Décidément Michel Alberganti n’a pas du tout suivi l’évolution d’Apple ces dernières années. Ce qui différencie actuellement un Macintosh d’un PC, c’est le processeur et le système d’exploitation, point final. En effet, jamais l’architecture d’un Mac n’aura été aussi proche de celle d’un PC : bus PCI, bus USB, port AGP (autant de technologies Intel implémentées sur les PC), mémoire PC100. Même les nouveaux moniteurs d’Apple sont dotés de prise VGA. De la même manière, Motorola et IBM font des efforts pour étendre la distribution des PowerPC. De fait, Apple est devenu un “assembleur” de composants de plus en plus standards.
Et bien évidemment, toutes ces approximations servent de préambule à des assertions spécieuses et sans justification.
Manipulations de masse
Apple reste fragile
Il s’agit-là du titre même de l’article. Après avoir annoncé que le bilan d’Apple affichait (seulement ?) 18 milliards de francs de liquidités, que l’iMac représentait 25 % des ventes de micro-ordinateurs de la FNAC, qu’elle représentait 4% des parts de marché au lieu de 2,7 il y a un an, cette affirmation à de quoi surprendre.
Si avec de tels résultats une entreprise est fragile, des milliers d’autres sont alors au bord du gouffre ! Mais l’auteur a bien pris soin d’étayer cette affirmation péremptoire avec des arguments canons.

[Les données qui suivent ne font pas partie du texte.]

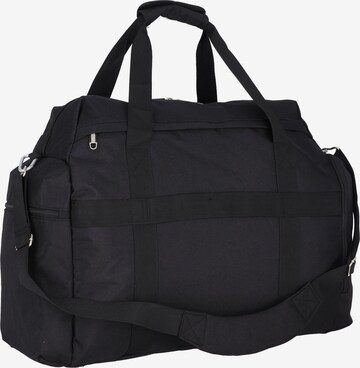 D&N Travel Bag in Black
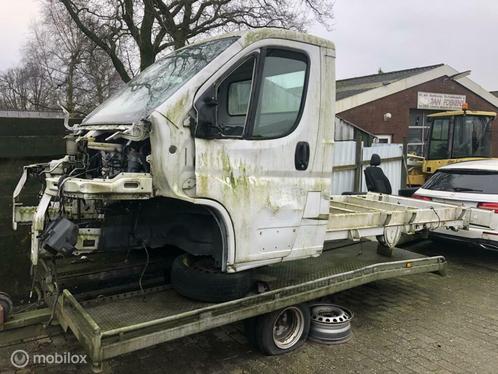 Fiat Ducato Chassis Cabine Carrosserie Frans kenteken 2015, Auto-onderdelen, Carrosserie, Fiat, Gebruikt, Ophalen of Verzenden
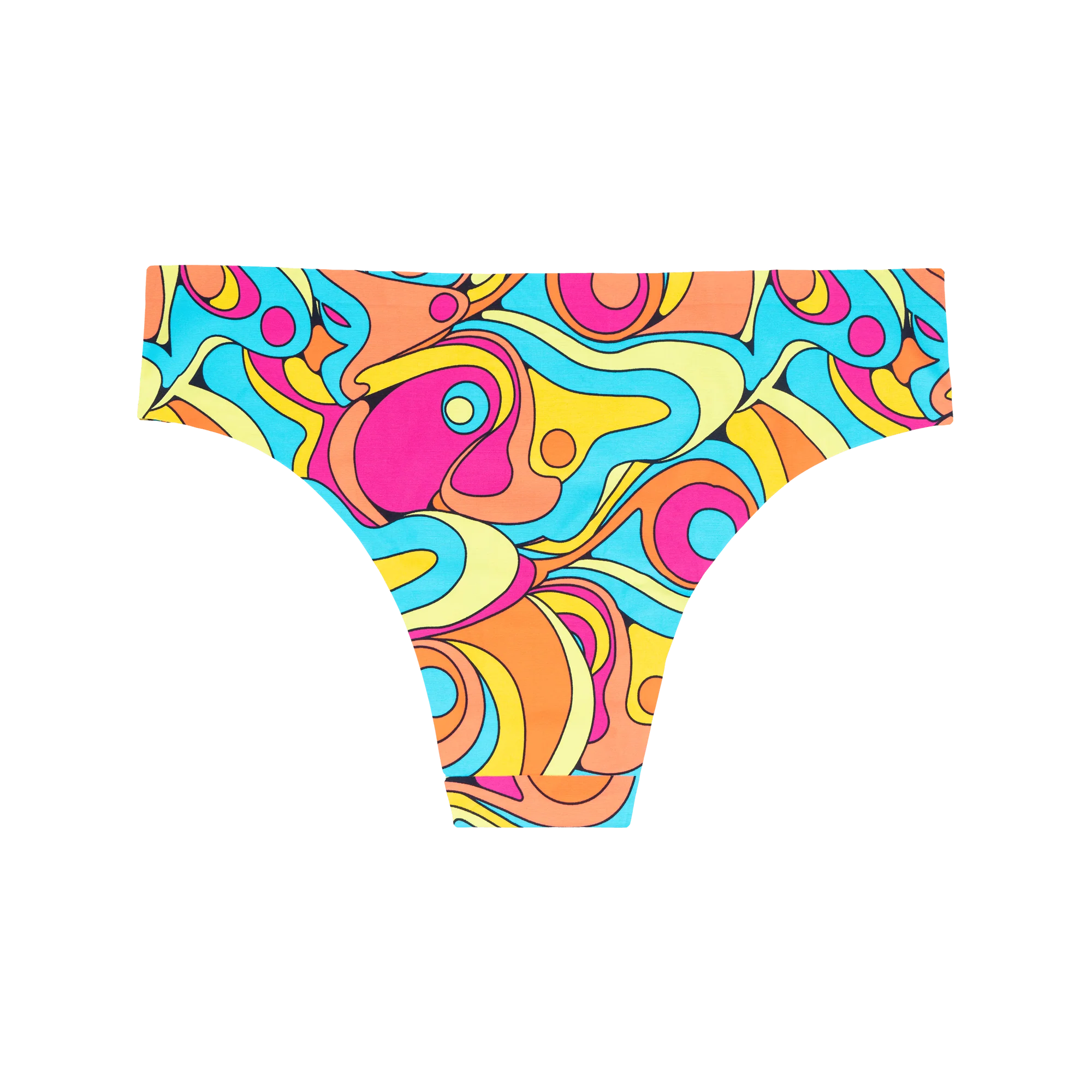 Fruit Salad - Seamless Brazilian Briefs - Image 2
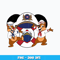 Chip And Dale Cruise Png
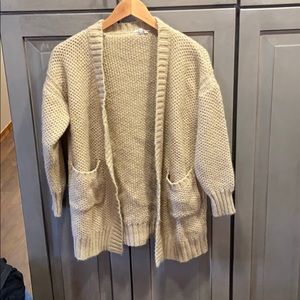 Women’s cardigan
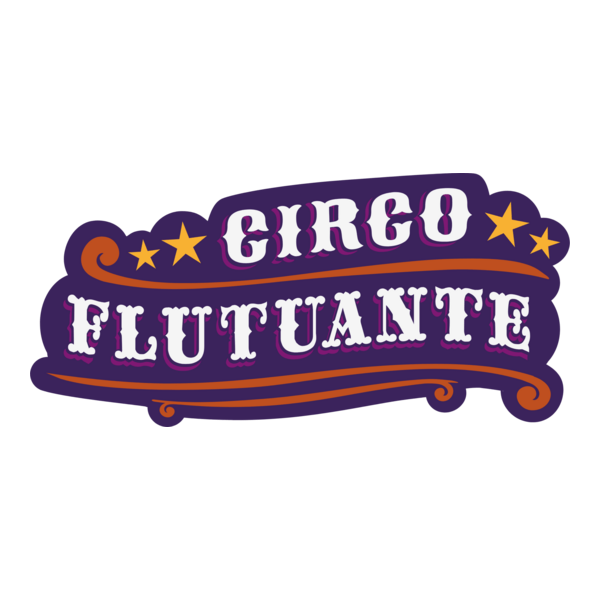 CIRCO FLUTUANTE Logo PNG Vector
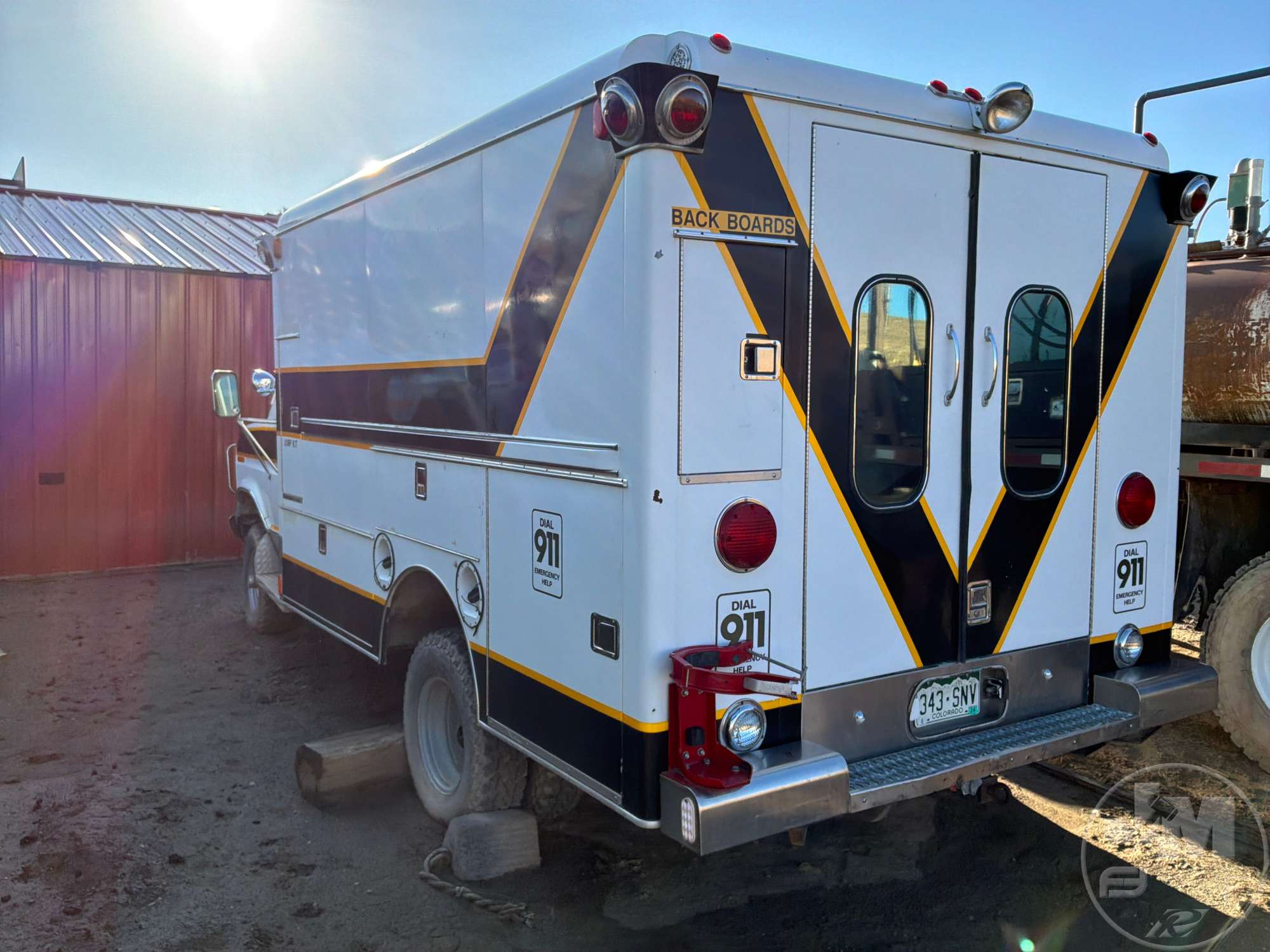1983 Ford E-350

“…Apple semble condamnée à la marginalité…”
Si l’on considère les parts de marché de Mac OS par rapport à la plateforme Wintel c’est la vérité de La Palice. Mais alors, que dire de Solaris (SUN), HP/UX (l’Unix de Hewlett-Packard), OS/2 d’IBM. Peut-on en conclure que SUN, HP ou IBM sont fragiles parce que marginaux ?
Mais ce n’est pas seulement la “marginalité” d’Apple qui la fragilise selon cet article. C’est que la capacité d’Apple à innover SERA battue en brèche par la plateforme Wintel.

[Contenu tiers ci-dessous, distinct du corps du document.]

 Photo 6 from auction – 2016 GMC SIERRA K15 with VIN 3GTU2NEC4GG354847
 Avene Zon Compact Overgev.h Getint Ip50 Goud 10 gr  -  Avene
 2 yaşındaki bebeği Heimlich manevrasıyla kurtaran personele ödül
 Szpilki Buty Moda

“…Demain les fabricants de PC vont s’inspirer du design de l’iMac, Intel va commercialiser des processeurs plus puissants, l’intégration de l’accès à Internet va se généraliser à l’ensemble des fabricants…”
Cette phrase à elle seule résume l’argumentaire courant des tenants de la plateforme Wintel ces dernières années. Le design de l’iMac sera (est) copié, tout comme l’interface du Mac a été pillée par Windows. Intel va commercialiser des processeurs plus puissants : quand le G5 sortira ? L’intégration de l’accès à Internet va se généraliser…
En fait, la manipulation de masse prend toute sa force dans ces affirmations. Elles consistent en effet à comparer ce qui existe, est vendu et remporte le succès que l’on connaît avec CE QUI SORTIRA on ne sait quand. Toute la stratégie de Microsoft ou d’Intel est basée sur le “vaporware”, c’est-à-dire l’art de vendre de l’air. Ça consiste à dire : “OK, tout cela est bien, mais vous n’avez encore rien vu”.
Mais qu’Intel ou Microsoft fassent du marketing en vendant des produits qui n’existent pas encore, c’est légitime : ils protègent leur marché. Que la presse s’en fasse l’écho en assénant des sophismes, des approximations et des contre-vérités, cela devient de la désinformation. Et c’est proprement inacceptable de la part d’un organe comme Le Monde.